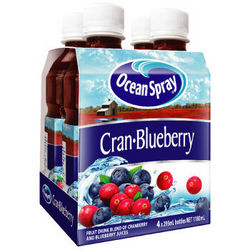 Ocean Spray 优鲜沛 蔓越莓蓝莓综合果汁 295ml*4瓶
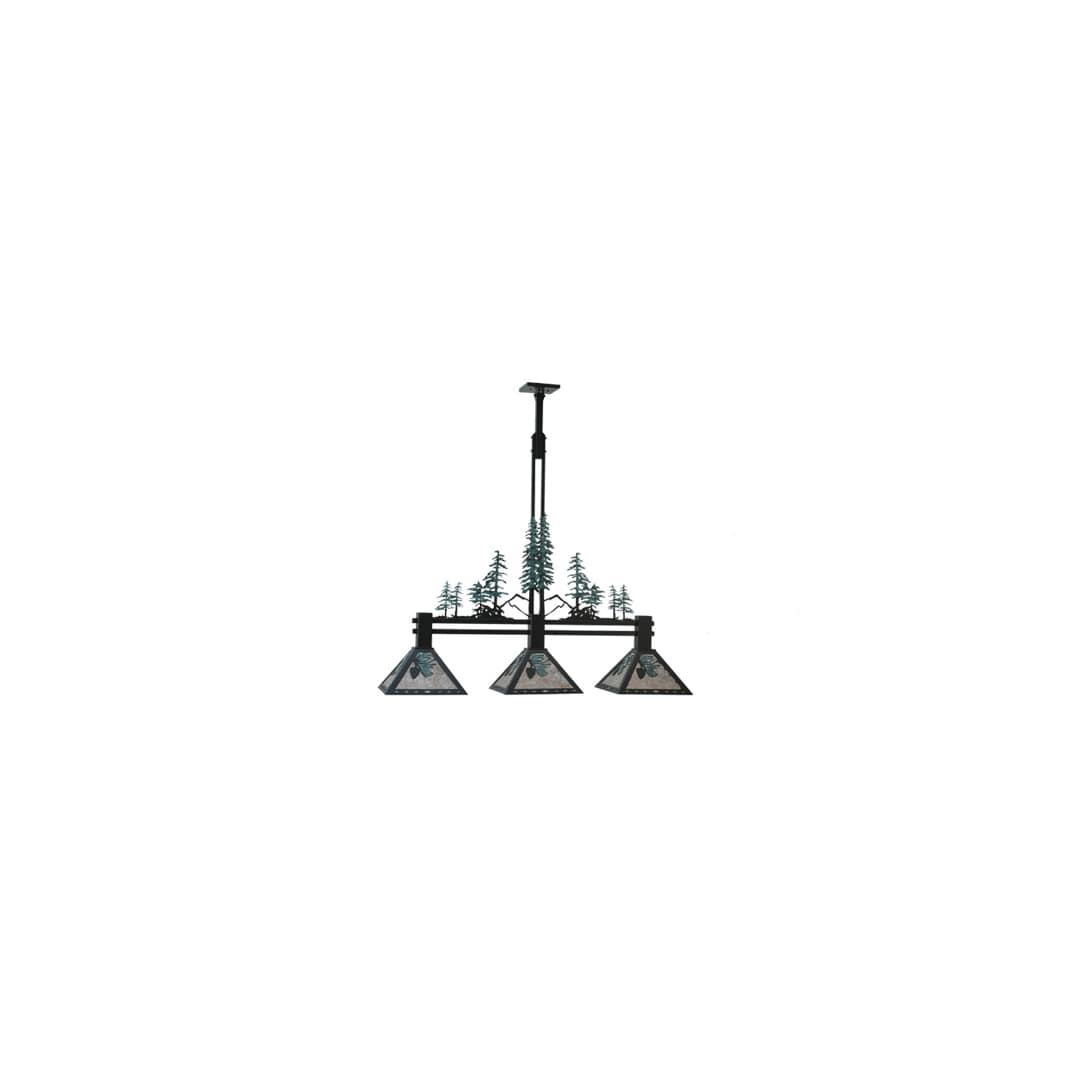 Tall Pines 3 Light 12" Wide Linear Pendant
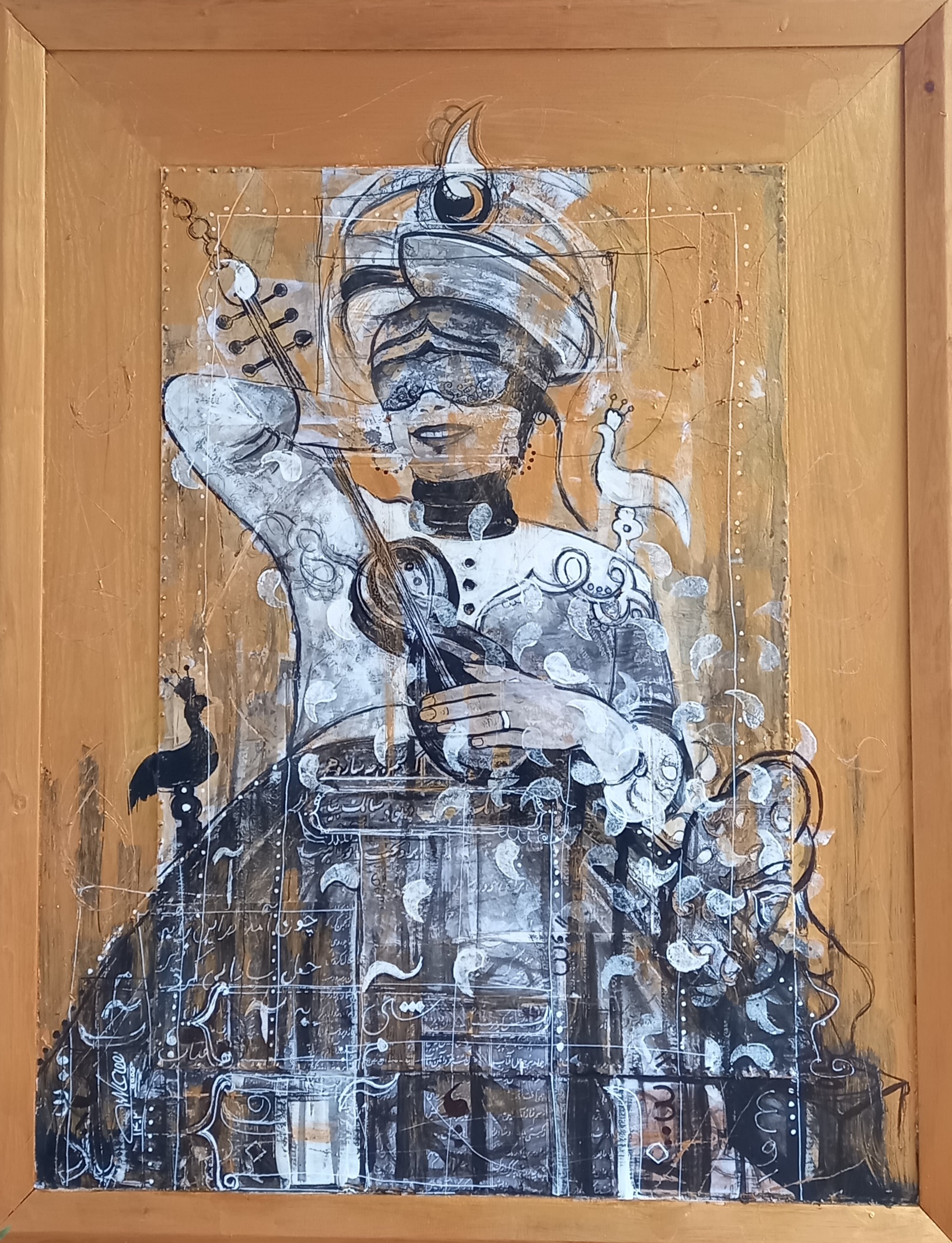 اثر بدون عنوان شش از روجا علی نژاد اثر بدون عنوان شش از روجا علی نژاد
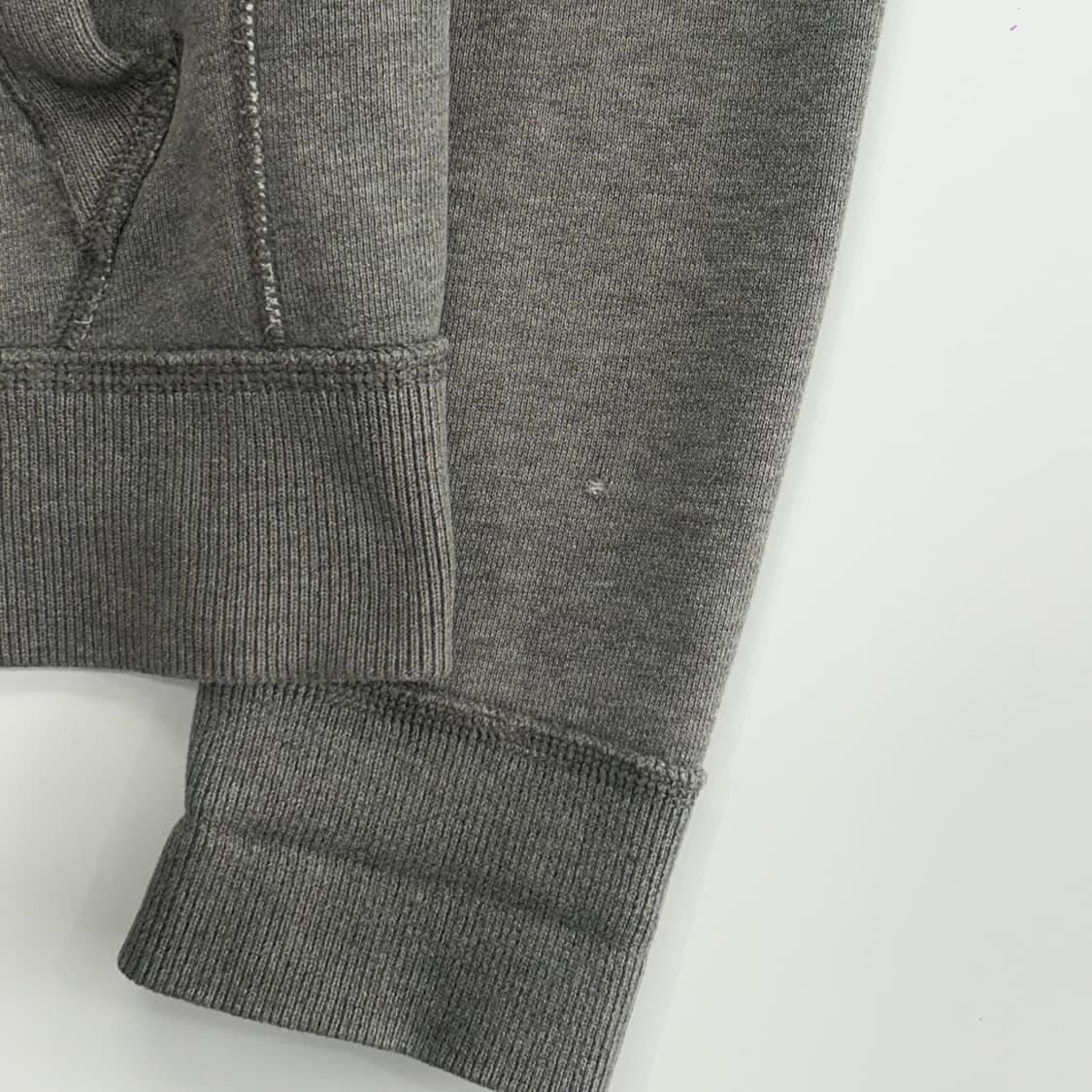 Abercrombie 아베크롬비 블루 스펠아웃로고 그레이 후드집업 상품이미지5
_____
Without the images, write out each line of the data verbatim.

▸ **SOLUTION TO THIS EXERCISE**:
 Ocean Spray 优鲜沛 蔓越莓蓝莓综合果汁 295ml*4瓶
 Tall Pines 3 Light 12" Wide Linear Pendant
 اثر بدون عنوان شش از روجا علی نژاد اثر بدون عنوان شش از روجا علی نژاد
 Abercrombie 아베크롬비 블루 스펠아웃로고 그레이 후드집업 상품이미지5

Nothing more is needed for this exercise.